Block or remove administrator commandbox

How do you block access to Lucee Admin on CommandBox?


@nalbee As of the 5.2.0 release candidate build, you simply start the server :slight_smile: 5.2.0 has a new profile feature that defaults to production (unless overridden or bound to localhost) and blocks external access to the Lucee admin by default.

Or you can manually apply the lock down like so:

server set web.blockCFAdmin=true
# or
server set web.blockCFAdmin=external

If for some reason you can’t use the 5.2 release candidate, here is a guide that shows you how to do this on any other version using a custom Tuckey rewrite file.

Thank you so much. That is was I was looking for.

you can also set the environment variable LUCEE_ADMIN_ENABLED=false


Thank you Zac,

Is it possible to set the environment variable LUCEE_ADMIN_ENABLED in application.cfc?

Nup, because the admin has it’s own Application.cfc

as per the lockdown guides, you should be always blocking access to both /lucee/admin and /WEB-INF at the webserver level.

and I extremely highly recommend moving /WEB-INF outside your webroot

Sorry for the beginner/newbie question, but I’ve only found people saying to use these environment variables, but I didn’t find anything about how and where to set them. Maybe that is something everybody knows, and I might not see the obvious. Are these Lucee environment variables set in Tomcats i .bat file, or java args in Lucees windows service? Or somewhere else?

The env variables in Lucee are pretty poorly documented IMO. There is a spreadsheet here that’s sort of a “live document” of all the main ones.

I knew about the setting above, but only because I happened across it while reading some Lucee commits the other day.

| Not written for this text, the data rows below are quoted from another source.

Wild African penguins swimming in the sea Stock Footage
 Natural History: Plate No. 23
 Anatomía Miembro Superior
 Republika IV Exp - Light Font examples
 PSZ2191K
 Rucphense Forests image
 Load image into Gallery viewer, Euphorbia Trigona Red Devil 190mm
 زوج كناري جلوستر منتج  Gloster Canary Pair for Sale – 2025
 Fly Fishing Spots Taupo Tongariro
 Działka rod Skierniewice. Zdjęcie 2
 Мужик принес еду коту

As far as how to use them, Lucee will look either for a JVM system property or an OS environment variable, which can be set at a global level, a user level, or even inside the process running Lucee (just how env vars work).

Further more, Lucee will do several checks replacing underscores with periods like LUCEE_ADMIN_ENABLED and LUCEE.ADMIN.ENABLED. I don’t think any of that is documented, I just know it from reading the source code.

1 Like

Yes, that is what I also think. There are lot’s of to do’s in the docs. I’ll try to dig into this and add some contribs to the docs as soon as I can. Thanks for the github code links.